# TO DO:
Exactly as they appear, copy the lines from the start of the entries below to the line containing "Prada Handbags", both ends included.

Short text fragments from websites
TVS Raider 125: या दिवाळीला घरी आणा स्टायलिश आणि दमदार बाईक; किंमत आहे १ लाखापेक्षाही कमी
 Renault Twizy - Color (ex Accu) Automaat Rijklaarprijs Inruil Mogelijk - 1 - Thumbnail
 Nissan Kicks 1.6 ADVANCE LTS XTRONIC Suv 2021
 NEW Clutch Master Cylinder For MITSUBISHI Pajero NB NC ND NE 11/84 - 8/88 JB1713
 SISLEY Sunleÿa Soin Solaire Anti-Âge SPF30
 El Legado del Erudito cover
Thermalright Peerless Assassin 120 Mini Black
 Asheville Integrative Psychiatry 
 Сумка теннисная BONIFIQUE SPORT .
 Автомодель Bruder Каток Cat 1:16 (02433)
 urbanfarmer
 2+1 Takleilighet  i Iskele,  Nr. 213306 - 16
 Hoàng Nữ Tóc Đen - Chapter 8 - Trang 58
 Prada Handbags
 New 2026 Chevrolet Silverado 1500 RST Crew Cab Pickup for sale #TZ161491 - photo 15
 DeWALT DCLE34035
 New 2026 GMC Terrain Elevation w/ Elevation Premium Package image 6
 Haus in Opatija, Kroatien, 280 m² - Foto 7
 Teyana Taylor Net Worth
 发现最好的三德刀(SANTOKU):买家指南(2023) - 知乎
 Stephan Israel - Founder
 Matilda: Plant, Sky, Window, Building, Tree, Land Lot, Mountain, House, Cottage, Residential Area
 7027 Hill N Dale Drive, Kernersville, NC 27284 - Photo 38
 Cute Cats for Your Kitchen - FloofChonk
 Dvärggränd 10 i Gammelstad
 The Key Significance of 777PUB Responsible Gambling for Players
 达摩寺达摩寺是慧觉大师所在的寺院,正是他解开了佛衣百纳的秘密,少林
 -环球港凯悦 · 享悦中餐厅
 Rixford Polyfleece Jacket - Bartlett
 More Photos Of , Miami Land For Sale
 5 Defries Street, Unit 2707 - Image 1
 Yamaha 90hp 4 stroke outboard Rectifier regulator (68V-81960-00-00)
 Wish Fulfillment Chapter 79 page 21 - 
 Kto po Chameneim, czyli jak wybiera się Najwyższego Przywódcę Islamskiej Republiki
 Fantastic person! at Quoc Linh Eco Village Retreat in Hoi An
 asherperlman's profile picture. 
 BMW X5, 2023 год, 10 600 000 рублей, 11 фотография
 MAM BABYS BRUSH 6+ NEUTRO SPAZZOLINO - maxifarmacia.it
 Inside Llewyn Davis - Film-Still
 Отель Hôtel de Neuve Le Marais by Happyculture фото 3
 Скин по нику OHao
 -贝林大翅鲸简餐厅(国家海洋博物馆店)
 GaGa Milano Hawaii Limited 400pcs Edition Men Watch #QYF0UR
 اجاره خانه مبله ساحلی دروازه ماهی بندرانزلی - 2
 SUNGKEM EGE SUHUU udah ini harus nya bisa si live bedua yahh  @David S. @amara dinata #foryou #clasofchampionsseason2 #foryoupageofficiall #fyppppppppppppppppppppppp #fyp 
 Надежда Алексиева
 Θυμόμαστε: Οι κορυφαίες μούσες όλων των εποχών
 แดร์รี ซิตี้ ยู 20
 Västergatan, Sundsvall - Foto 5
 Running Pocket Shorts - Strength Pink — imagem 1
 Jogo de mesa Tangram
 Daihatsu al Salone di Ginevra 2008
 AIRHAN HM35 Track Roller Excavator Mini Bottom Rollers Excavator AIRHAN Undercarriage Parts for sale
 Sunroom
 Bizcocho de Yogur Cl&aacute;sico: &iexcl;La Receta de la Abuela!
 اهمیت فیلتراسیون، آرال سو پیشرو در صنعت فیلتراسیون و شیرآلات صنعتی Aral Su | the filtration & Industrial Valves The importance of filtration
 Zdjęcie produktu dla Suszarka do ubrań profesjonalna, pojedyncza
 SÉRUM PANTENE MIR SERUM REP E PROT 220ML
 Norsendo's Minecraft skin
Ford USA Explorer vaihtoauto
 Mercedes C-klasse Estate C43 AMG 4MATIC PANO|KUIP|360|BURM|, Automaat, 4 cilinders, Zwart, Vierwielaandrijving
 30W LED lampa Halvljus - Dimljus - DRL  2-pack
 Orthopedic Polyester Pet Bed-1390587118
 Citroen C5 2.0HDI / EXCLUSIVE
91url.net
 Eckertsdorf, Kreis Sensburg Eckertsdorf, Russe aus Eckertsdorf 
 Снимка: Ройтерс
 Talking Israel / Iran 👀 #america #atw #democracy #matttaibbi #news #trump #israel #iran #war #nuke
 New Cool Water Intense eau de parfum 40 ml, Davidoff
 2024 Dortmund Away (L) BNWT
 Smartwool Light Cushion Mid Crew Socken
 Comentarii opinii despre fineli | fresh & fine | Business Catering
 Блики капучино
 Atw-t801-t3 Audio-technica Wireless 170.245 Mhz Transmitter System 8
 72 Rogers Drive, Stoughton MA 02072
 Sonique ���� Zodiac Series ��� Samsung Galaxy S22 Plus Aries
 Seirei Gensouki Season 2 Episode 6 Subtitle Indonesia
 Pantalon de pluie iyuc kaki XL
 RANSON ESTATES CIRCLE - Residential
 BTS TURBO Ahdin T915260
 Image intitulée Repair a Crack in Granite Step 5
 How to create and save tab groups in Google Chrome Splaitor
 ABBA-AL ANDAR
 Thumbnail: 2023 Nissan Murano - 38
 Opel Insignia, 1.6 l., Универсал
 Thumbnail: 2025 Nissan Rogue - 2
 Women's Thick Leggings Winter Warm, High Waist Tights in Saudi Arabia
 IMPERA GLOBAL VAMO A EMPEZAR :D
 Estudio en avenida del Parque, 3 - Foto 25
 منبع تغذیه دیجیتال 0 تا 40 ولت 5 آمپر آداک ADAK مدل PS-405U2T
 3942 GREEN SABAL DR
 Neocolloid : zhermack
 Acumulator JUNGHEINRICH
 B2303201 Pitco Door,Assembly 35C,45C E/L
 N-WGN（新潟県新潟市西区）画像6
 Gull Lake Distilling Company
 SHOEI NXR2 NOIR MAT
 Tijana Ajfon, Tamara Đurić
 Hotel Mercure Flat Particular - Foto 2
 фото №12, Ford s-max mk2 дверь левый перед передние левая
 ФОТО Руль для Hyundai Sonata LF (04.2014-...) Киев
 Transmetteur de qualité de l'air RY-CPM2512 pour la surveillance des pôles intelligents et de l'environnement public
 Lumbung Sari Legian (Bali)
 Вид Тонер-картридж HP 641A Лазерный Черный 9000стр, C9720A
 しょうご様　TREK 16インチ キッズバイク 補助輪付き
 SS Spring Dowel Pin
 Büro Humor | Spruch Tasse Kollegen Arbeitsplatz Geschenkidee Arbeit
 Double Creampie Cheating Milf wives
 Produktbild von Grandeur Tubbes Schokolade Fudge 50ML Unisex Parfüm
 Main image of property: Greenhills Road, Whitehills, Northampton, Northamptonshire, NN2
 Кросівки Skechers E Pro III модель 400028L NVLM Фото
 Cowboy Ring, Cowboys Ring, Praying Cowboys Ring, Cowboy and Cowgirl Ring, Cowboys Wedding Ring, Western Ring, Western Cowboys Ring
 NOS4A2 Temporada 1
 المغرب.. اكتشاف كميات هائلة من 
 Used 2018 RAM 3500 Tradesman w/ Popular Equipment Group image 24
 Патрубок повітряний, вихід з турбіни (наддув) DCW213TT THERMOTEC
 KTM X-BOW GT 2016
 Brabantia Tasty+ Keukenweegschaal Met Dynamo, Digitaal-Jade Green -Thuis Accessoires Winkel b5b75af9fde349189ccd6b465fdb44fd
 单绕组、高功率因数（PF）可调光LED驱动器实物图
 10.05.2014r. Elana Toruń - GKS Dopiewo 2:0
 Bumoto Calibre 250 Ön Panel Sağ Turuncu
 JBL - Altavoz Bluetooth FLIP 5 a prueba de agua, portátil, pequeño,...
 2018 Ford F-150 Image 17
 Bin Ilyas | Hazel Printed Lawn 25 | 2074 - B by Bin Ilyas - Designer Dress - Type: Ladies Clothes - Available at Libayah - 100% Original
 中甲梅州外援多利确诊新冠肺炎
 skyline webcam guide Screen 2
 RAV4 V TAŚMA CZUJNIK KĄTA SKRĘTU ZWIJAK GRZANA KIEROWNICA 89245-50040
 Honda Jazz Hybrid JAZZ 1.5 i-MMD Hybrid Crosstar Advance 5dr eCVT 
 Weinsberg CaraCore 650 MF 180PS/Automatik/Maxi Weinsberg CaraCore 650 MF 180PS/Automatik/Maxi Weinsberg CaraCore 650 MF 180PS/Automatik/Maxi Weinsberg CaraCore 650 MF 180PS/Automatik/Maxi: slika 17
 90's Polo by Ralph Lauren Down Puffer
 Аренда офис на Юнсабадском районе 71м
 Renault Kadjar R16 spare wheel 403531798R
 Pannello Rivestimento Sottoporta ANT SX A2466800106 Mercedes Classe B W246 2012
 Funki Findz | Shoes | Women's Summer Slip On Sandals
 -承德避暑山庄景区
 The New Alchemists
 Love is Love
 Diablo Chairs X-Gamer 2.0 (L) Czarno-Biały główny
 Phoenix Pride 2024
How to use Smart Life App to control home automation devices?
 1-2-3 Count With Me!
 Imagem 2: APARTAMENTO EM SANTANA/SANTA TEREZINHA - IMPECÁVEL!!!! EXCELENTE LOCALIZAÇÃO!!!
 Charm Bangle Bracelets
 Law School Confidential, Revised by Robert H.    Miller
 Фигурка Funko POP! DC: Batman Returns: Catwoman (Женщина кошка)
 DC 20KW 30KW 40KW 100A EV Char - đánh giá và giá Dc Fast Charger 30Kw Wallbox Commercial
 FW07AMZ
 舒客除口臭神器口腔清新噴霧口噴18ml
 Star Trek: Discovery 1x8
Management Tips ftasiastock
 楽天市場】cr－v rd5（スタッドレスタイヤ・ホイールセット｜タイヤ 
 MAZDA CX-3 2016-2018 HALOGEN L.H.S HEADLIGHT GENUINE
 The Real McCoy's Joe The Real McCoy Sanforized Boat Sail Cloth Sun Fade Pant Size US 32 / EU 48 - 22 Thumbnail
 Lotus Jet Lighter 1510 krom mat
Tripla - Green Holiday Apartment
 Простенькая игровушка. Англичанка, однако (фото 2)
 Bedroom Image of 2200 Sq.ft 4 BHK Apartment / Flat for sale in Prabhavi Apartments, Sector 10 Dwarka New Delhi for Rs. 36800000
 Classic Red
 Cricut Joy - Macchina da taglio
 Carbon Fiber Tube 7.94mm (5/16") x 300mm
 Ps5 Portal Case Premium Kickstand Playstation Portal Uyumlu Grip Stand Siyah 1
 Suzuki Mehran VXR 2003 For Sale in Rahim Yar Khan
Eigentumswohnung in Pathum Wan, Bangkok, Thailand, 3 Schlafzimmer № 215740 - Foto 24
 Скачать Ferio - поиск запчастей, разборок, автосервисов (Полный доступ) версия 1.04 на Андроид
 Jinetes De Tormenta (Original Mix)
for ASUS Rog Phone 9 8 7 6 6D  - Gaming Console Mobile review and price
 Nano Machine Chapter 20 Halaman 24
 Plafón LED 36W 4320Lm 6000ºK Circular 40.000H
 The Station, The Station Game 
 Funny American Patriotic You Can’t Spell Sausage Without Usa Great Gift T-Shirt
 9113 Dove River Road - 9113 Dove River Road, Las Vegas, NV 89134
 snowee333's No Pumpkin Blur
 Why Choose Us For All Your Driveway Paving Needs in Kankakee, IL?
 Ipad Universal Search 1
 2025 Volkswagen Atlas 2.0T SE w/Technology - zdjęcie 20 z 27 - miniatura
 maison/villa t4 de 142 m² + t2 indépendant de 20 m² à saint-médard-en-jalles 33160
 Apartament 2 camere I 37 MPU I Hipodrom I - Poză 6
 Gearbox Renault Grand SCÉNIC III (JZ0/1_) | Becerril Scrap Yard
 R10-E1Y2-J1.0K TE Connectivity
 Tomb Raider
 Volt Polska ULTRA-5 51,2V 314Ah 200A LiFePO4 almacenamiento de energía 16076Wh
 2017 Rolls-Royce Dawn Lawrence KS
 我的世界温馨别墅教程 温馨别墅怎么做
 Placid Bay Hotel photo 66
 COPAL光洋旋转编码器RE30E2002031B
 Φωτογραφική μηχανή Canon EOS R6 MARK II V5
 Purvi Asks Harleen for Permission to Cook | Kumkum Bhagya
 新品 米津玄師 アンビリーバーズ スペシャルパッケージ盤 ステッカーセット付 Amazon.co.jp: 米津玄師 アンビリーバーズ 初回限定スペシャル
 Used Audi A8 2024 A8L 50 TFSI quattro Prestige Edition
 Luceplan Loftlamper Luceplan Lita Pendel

# EXERCISE RESPONSE:
TVS Raider 125: या दिवाळीला घरी आणा स्टायलिश आणि दमदार बाईक; किंमत आहे १ लाखापेक्षाही कमी
 Renault Twizy - Color (ex Accu) Automaat Rijklaarprijs Inruil Mogelijk - 1 - Thumbnail
 Nissan Kicks 1.6 ADVANCE LTS XTRONIC Suv 2021
 NEW Clutch Master Cylinder For MITSUBISHI Pajero NB NC ND NE 11/84 - 8/88 JB1713
 SISLEY Sunleÿa Soin Solaire Anti-Âge SPF30
 El Legado del Erudito cover
Thermalright Peerless Assassin 120 Mini Black
 Asheville Integrative Psychiatry 
 Сумка теннисная BONIFIQUE SPORT .
 Автомодель Bruder Каток Cat 1:16 (02433)
 urbanfarmer
 2+1 Takleilighet  i Iskele,  Nr. 213306 - 16
 Hoàng Nữ Tóc Đen - Chapter 8 - Trang 58
 Prada Handbags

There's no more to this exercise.